Baca: https://rutinia.blogspot.com/2025/03/tentang-bagaimana-al-quran-turun.html

Ibnu Abi Hatim meriwayatkan dari hadits ‘Adi bin Tsabit, ia berkata, Rasulullah saw. bersabda, “Aku pernah bertanya tentang suatu masalah pada Rabbku (tentang) sesuatu yang sebenarnya aku tidak suka mempertanyakan-Nya. Lalu, aku katakan, ‘Wahai Tuhanku, mengapa Engkau telah mengambil Ibrahim sebagai kekasih, dan (mengapa) pula Engkau telah berbicara (langsung) dengan Musa?’

Maka Allah berfirman, ‘Hai Muhammad, bukankah Aku mendapatkanmu dalam keadaan yatim, lalu Aku beri perlindungan, dan dalam keadaan sesat, lalu Aku berikan petunjuk, dan dalam keadaan fakir, lalu Aku berikan kekayaan (kecukupan), dan Aku telah lapangkan dadamu, dan Aku telah meringankan beban padamu, dan telah Aku angkat kedudukanmu (dengan) menyebut-nyebut kamu, sehingga Aku tidak disebut-sebut kecuali engkau juga disebut-sebut bersama-Ku?’”

Kesimpulan

Ada berbagai cara Allah menyampaikan wahyu kepada para nabi.
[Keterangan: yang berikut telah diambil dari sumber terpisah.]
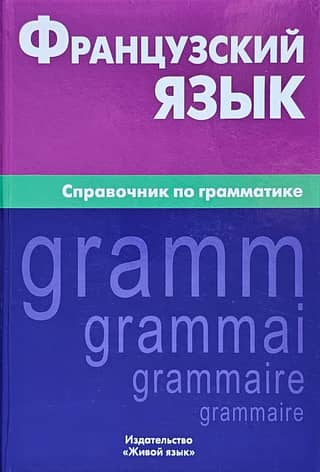 French Language: A Grammar Reference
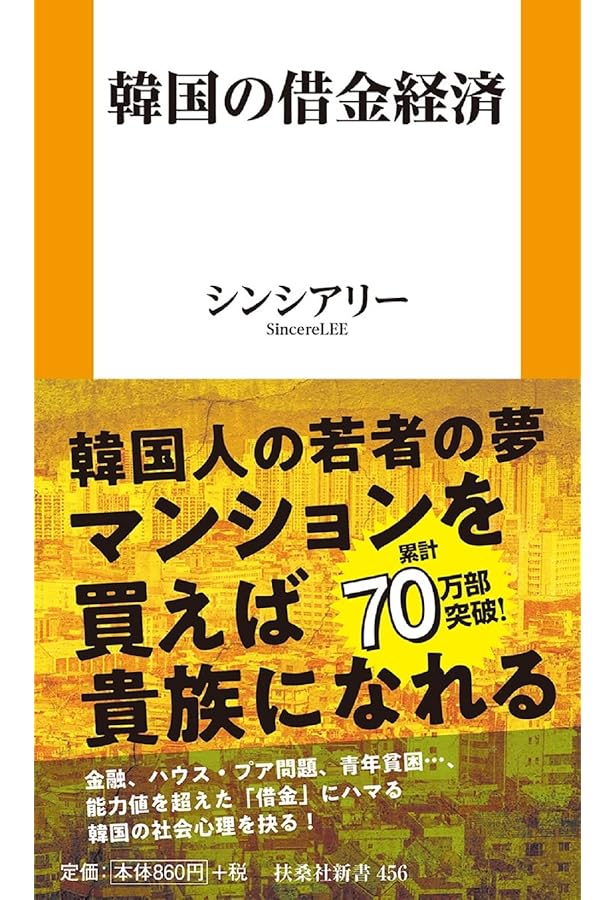それでも韓国に住みますか | 豊璋 |本 | 通販 | Amazon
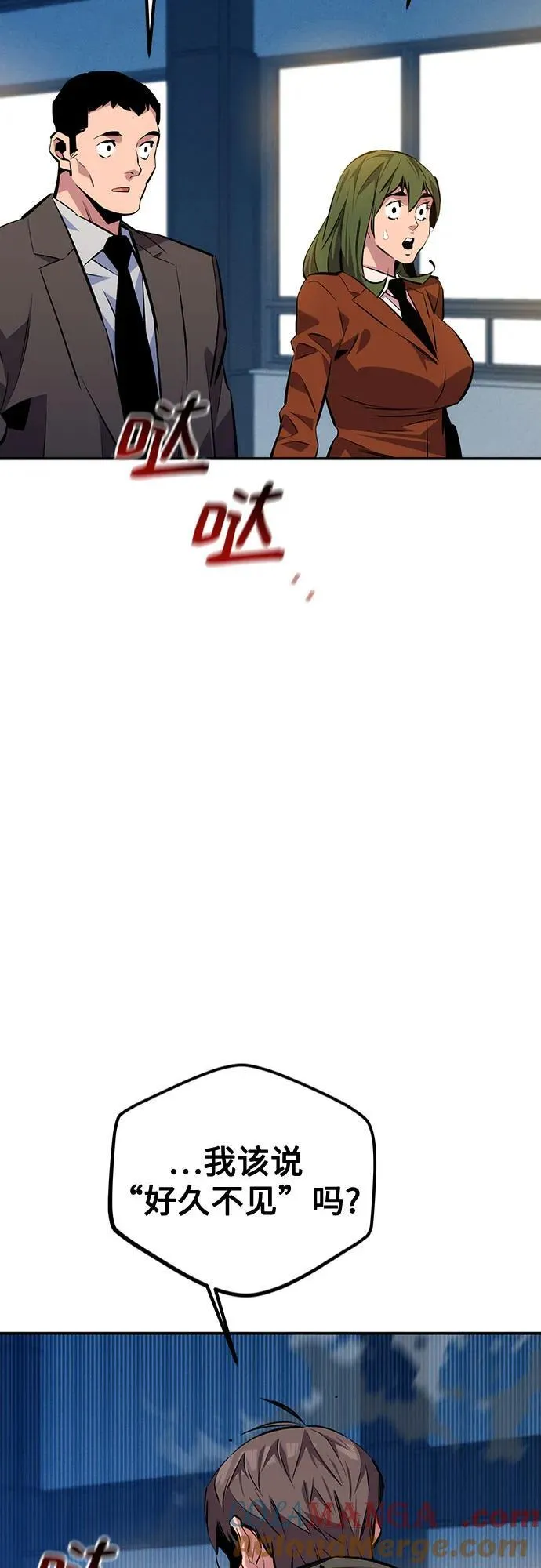 [第105话] 真相的时间63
Pertama, melalui suara lonceng keras yang disebut dalam hadits shahih, yang menurut sebagian ulama adalah getaran sayap Jibril untuk memusatkan perhatian Nabi pada wahyu. 

Kedua, dengan meniupkan wahyu ke dalam hati Nabi, seperti disebutkan dalam hadits bahwa Ruhul Qudus membisikkan dalam hatinya. 

Ketiga, Jibril datang dalam wujud manusia dan berbicara langsung dengan Nabi, yang dianggap cara paling ringan. 

Keempat, wahyu turun saat Nabi tidur, seperti yang dikaitkan dengan surat Al-Kautsar. 

Kelima, Allah berbicara langsung kepada Nabi, baik saat sadar seperti dalam peristiwa Isra’ Mi’raj maupun dalam mimpi, sebagaimana disebut dalam hadits tentang Al-Mala’ul A‘la. Sebagian ulama memasukkan akhir Surah Al-Baqarah, sebagian Surah Adh-Dhuha, dan Surah Alam Nasyrah dalam kategori wahyu langsung tanpa perantara Jibril. 

Hadits lain menyebutkan dialog Nabi dengan Allah mengenai keistimewaan Ibrahim dan Musa, yang dijawab dengan pengingat atas nikmat-nikmat yang diberikan kepada Nabi Muhammad.